No caso do projeto ANTARES, os detectores estão a 2.500 metros de profundidade no mar Mediterrâneo, perto da costa francesa de Marselha.
A ANTARES ganhará um novo telescópio de neutrino subaquático, chamado KM3NeT, atualmente em construção. Será instalado em profundidades ainda maiores no Mediterrâneo.
Embora os neutrinos se comportem como partículas “fantasmas”, os cientistas podem encontrá-las.
“De todos os neutrinos que chegam até nós, de tempos em tempos, alguns interagem e produzem outra partícula, chamada múon, que é um tipo de elétron, mas com mais massa”, explica Zornoza.
“Portanto, este múon, se estivermos em um meio transparente, como água ou gelo, emite o que é chamado luz Cherenkov, uma luz azul que pode ser vista.”
“No Mediterrâneo ou na Antártica, colocamos detectores de luz.

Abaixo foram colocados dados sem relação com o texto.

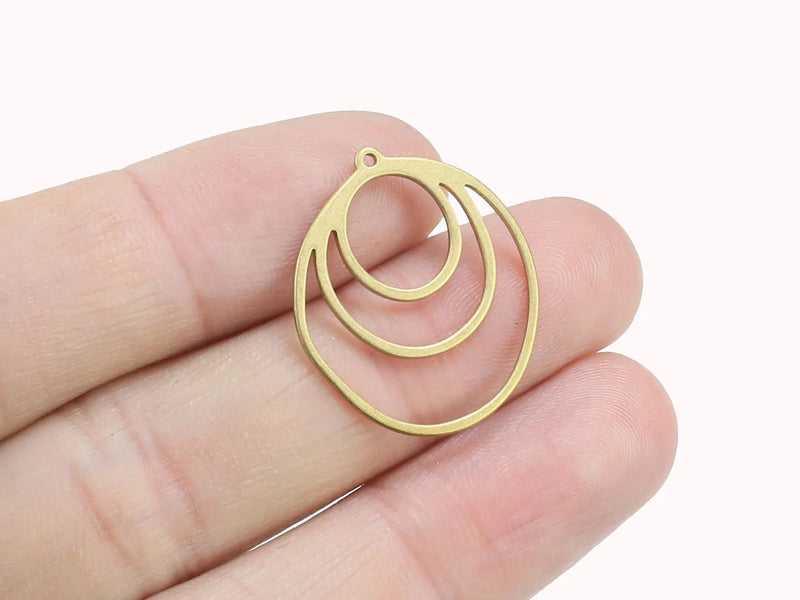 6pcs Triple Circle Brass Charms 23.8x21x0.8mm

Muitos neutrinos escapam, mas alguns produzem um múon emissor de luz”.
O projeto ANITA (Antártica Transitive Boost Antena), financiado em parte pela NASA, a agência espacial dos EUA, usa outra estratégia para detectar neutrinos.
Ele usa dezenas de antenas conectadas a um balão estratosférico.

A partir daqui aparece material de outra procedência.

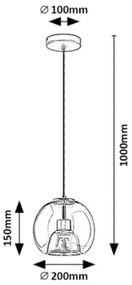 Rabalux 72132 - Csillár zsinóron CAMEO 1xE27/60W/230V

Os detectores ANITA não procuram flashes de luz, mas sinais de rádio produzidos pela interação entre gelo e neutrinos.
Um mistério centenário
Por que os cientistas estão fazendo esses esforços e desenvolvendo projetos malucos para entender melhor os neutrinos?
Primeiro, eles podem ajudar a resolver grandes quebra-cabeças, como o da matéria escura, dos quais 80% do Universo é constituído, mas praticamente desconhecido.

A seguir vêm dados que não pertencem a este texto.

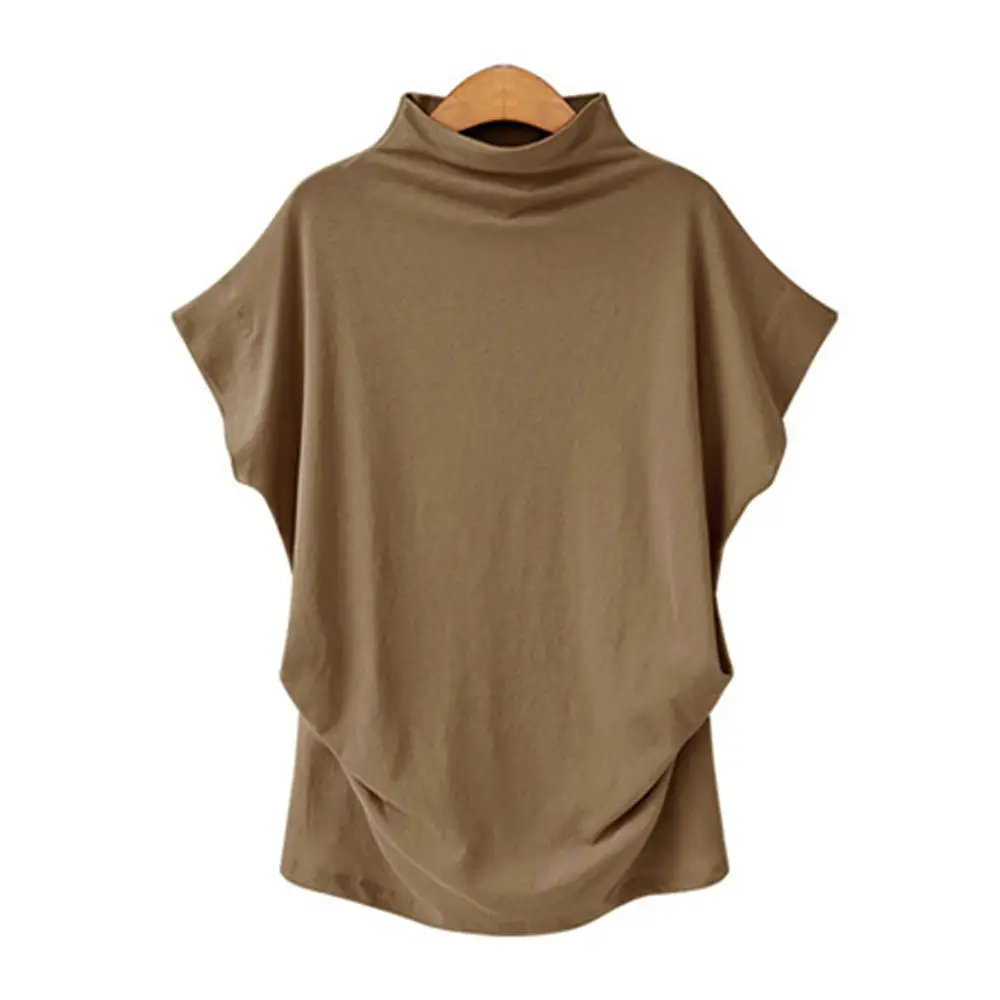 Women's Green High Collar T-Shirt Large - Image 14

“É provável que a matéria escura se acumule em lugares como o centro de nossa galáxia ou o Sol. Lá, os neutrinos seriam emitidos, entre outras coisas”, explica Zornoza.
“Detectar neutrinos dessas fontes nos daria pistas para entender do que a matéria escura é feita”.
E há outro grande mistério que os neutrinos podem ajudar a esclarecer: a origem dos raios cósmicos.
“Mais de 100 anos atrás, esses raios cósmicos foram descobertos que chegaram à Terra, mas ainda não entendemos de onde vieram. No entanto, é muito provável que haja neutrinos nesses locais (de origem)”, diz ele.
“Se conseguirmos detectar esses neutrinos, eles podem nos ajudar a resolver o mistério secular do que produz raios cósmicos”.